Mexico social media plan is a ‘definite violation’ of North American trade deal, the industry says

FILE PHOTO: The Twitter and Facebook logos along with binary cyber codes are seen in this illustration taken November 26, 2019. REUTERS/Dado Ruvic/Illustration

MEXICO CITY (Reuters) – A Latin American social media industry group that includes Facebook Inc and Twitter Inc said a reform in Mexico is a “definite violation” of an international trade pact, in swift backlash to a draft bill that seeks to regulate social media platforms.

The proposed amendment to the federal telecommunications law would breach the United States-Mexico-Canada Agreement (USMCA) and create unjustified trade barriers, the regional manager of the Latin American Internet Association (ALAI) said on Tuesday.

The reform, drafted by Senate majority leader Ricardo Monreal of President Andres Manuel Lopez Obrador’s National Regeneration Movement (MORENA) party, comes amid growing calls for regulation of social media companies from some governments around the world after the platforms censored or banned former U.S. President Donald Trump due to concerns he could fan violent unrest following the storming of the U.S. Capitol in January.

The legislation would require social media networks, including Facebook and Twitter, to “request authorization” from the IFT, Mexico’s telecoms regulator, in order to continue operating in the country.

That creates discriminatory treatment of social media companies under Chapter 19 of USMCA, which specifies regulations for digital trade, because the United States and Canada are not requiring the same authorization, Sissi de la Peña, a regional director for ALAI, said in an interview.

The reform is “violating the free and open nature of the internet,” De la Peña said.

“No one can really have a regulation or a preponderant voice over other actors in terms of internet governance,” she said. “We have to consider the implications of this.”

In the draft bill, Monreal said the reform would not violate USMCA because it is intended to regulate the actions of the social media platforms “with regard to content related to freedom of expression, which does not mean invading the sphere of free trade.”

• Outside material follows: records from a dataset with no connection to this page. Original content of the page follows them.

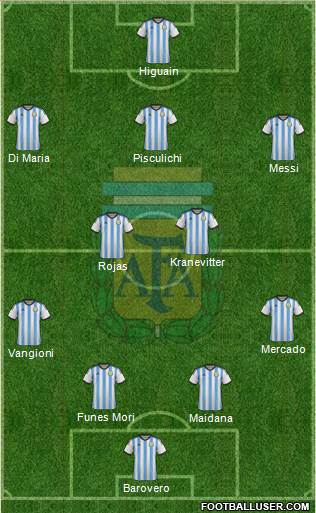 Argentina Formation 2014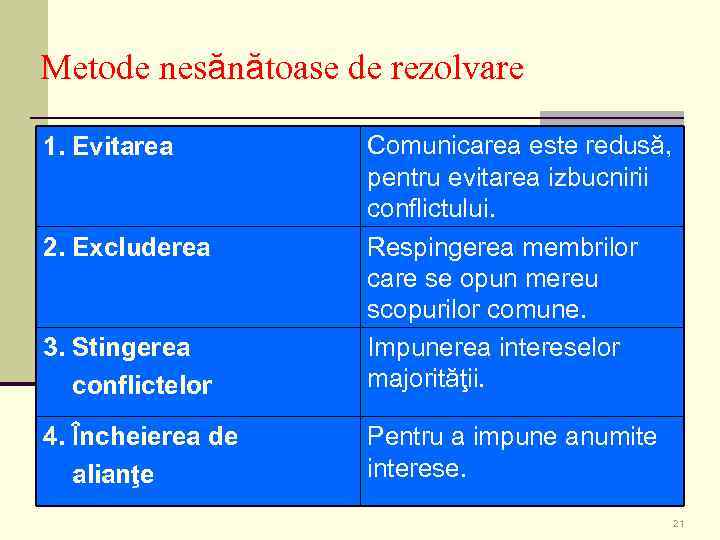 Metode nesănătoase de rezolvare 3. Stingerea conflictelor Comunicarea este redusă, pentru evitarea izbucnirii conflictului.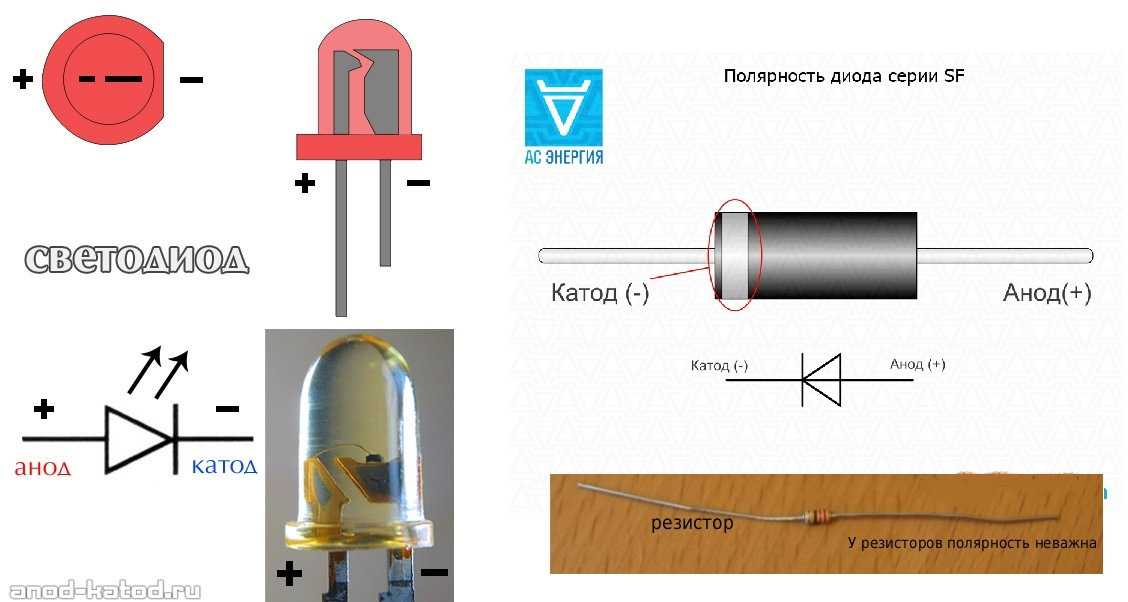 Как паять светодиоды: определение полярности диодов, разновидности и способы соединения светодиодных лент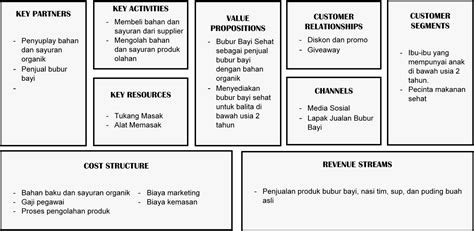 Cara Membuat Bisnis Model Canvas Template Dan Contohnya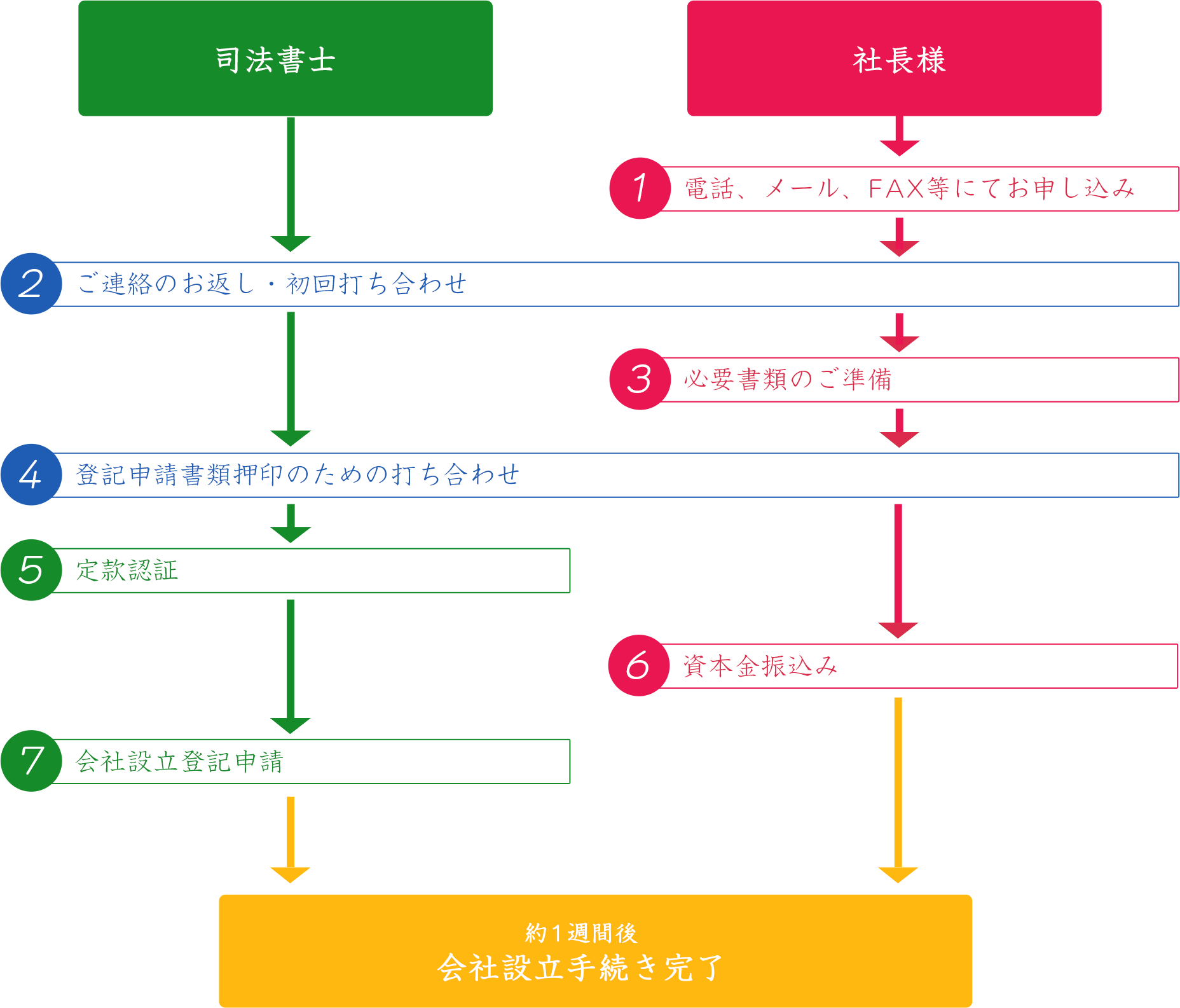 会社設立の流れ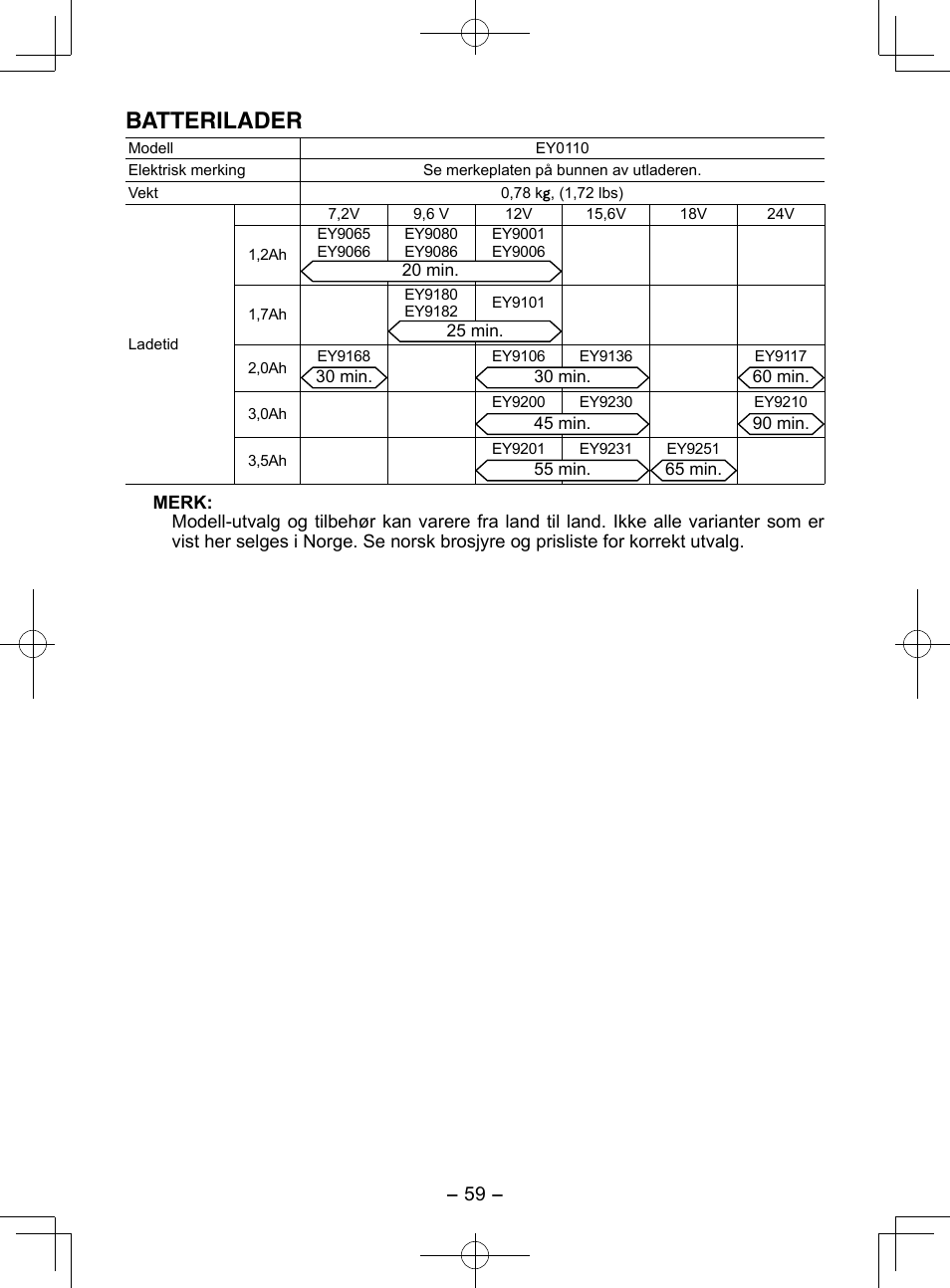 Batterilader | Panasonic EY3544 User Manual | Page 59 / 80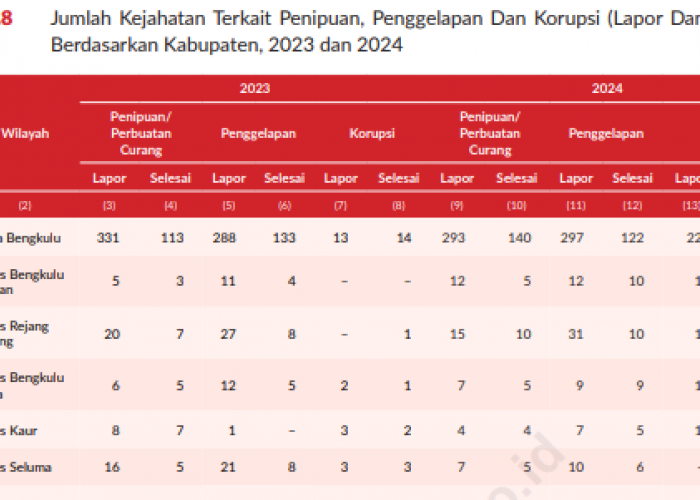 Kasus Penipuan, Penggelapan, dan Korupsi Bengkulu 2024 Naik-Turun, Korupsi Melonjak Tajam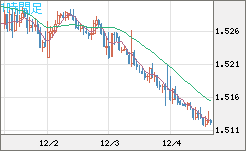 米ドル/豪ドルチャート（USD/AUD、逆転通貨ペア）1時間足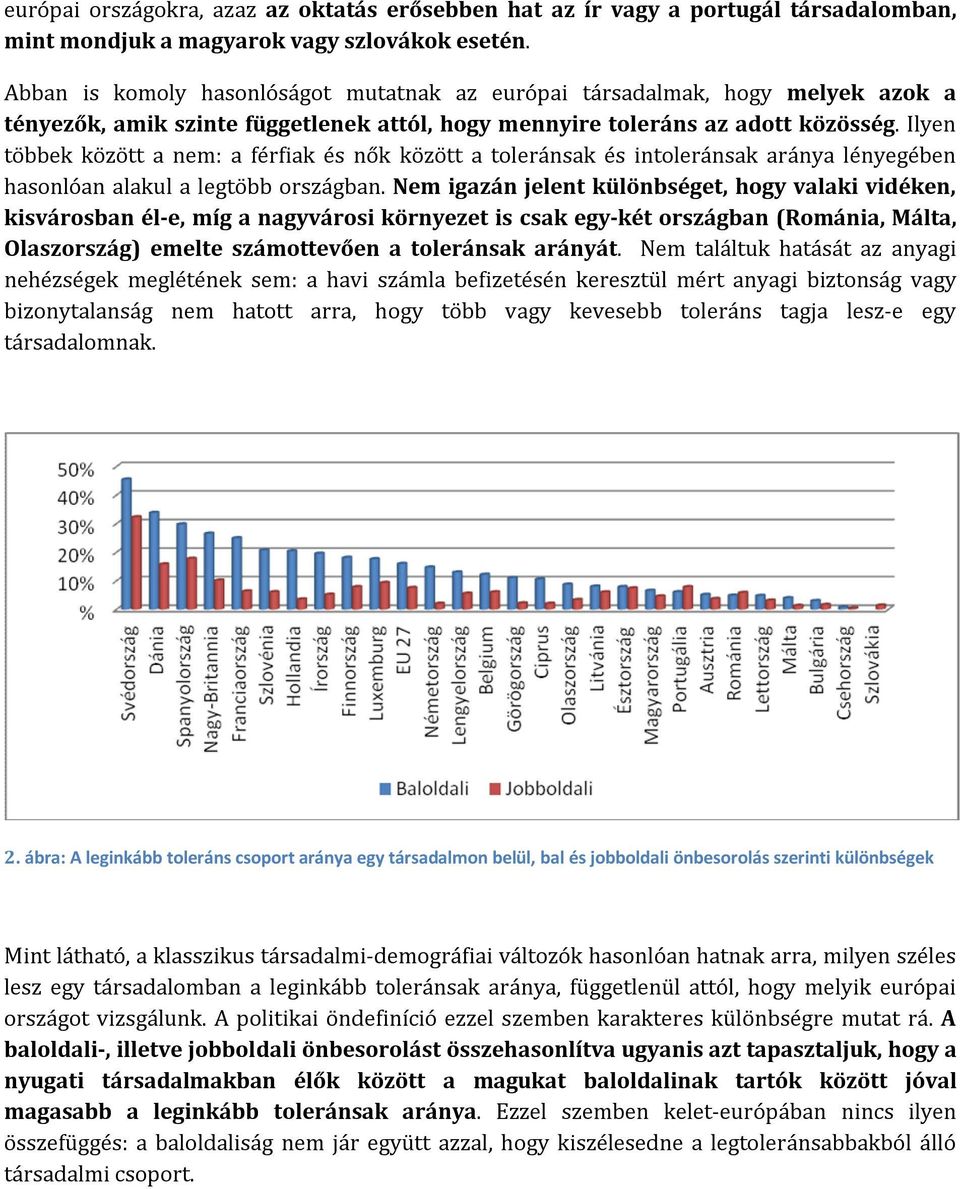 Ilyen többek között a nem: a férfiak és nők között a toleránsak és intoleránsak aránya lényegében hasonlóan alakul a legtöbb országban.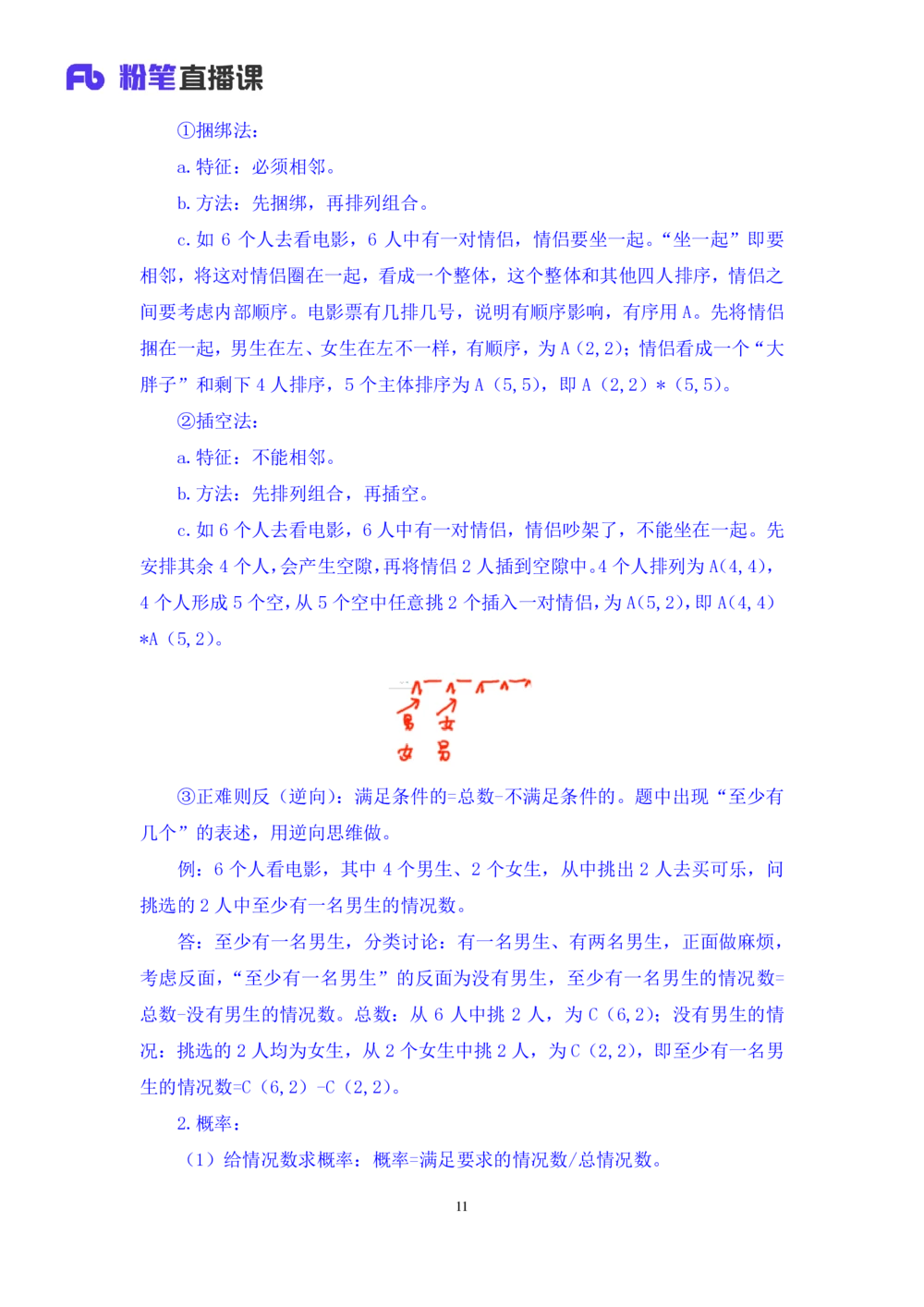 2021.01.30强化练习-数学关系2钱敏（讲义笔记）（2021事业单位系统班：职业能力倾向测验综合应用能力1期（A类B类C类D类小学D类中学））_三桶油_中海油_012021fb职测推荐_笔记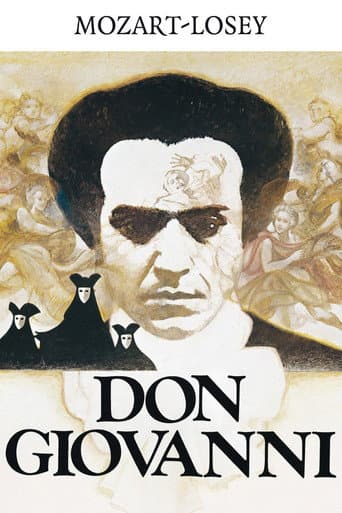 Poster for Don Giovanni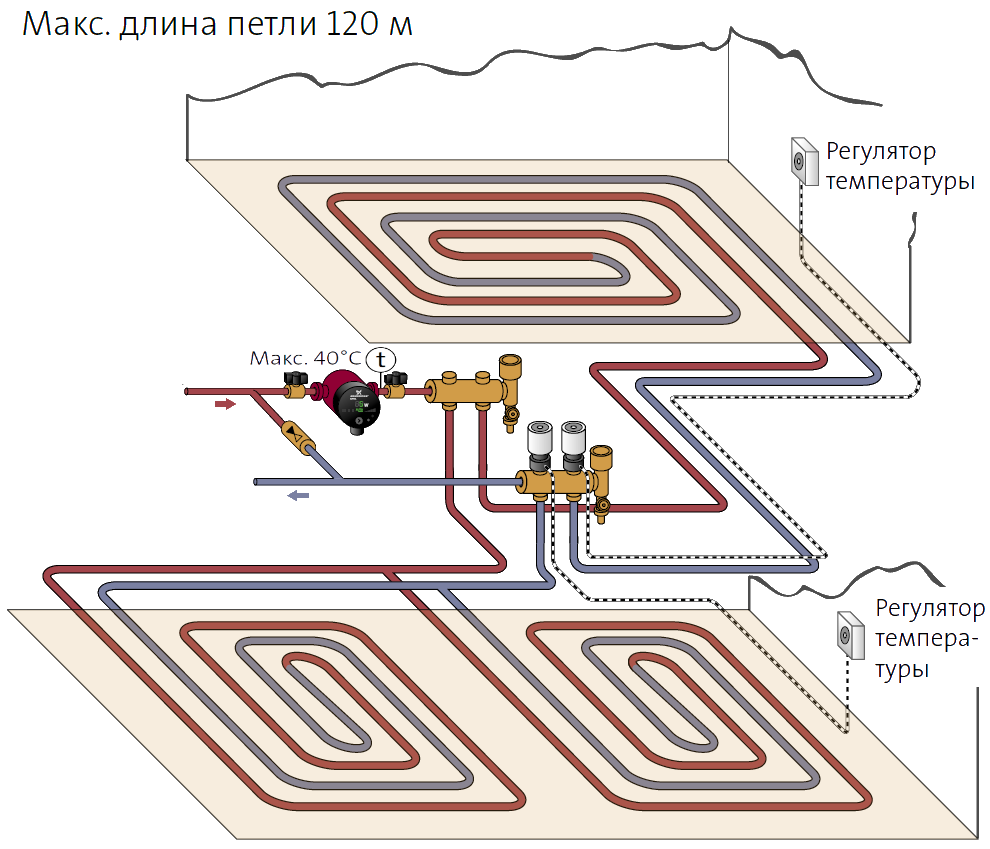 Tilslutningsdiagram for gulvvarme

The legislation, which has not been officially proposed, would also grant the IFT oversight in establishing a framework for the suspension and elimination of accounts on social networks in a bid to protect “freedom of expression.”

ALAI expressed its concerns to Monreal and encouraged open debate with all parties involved, including the private sector, De la Peña said.

Monreal did not immediately reply to a request for comment. Representatives for Facebook and Twitter declined to comment on the legislation.

Lopez Obrador was among leaders who spoke out against platforms that suspended Trump’s accounts, saying the Statue of Liberty was “green with anger” and vowing to bring the issue of free speech restriction on social media to the G20.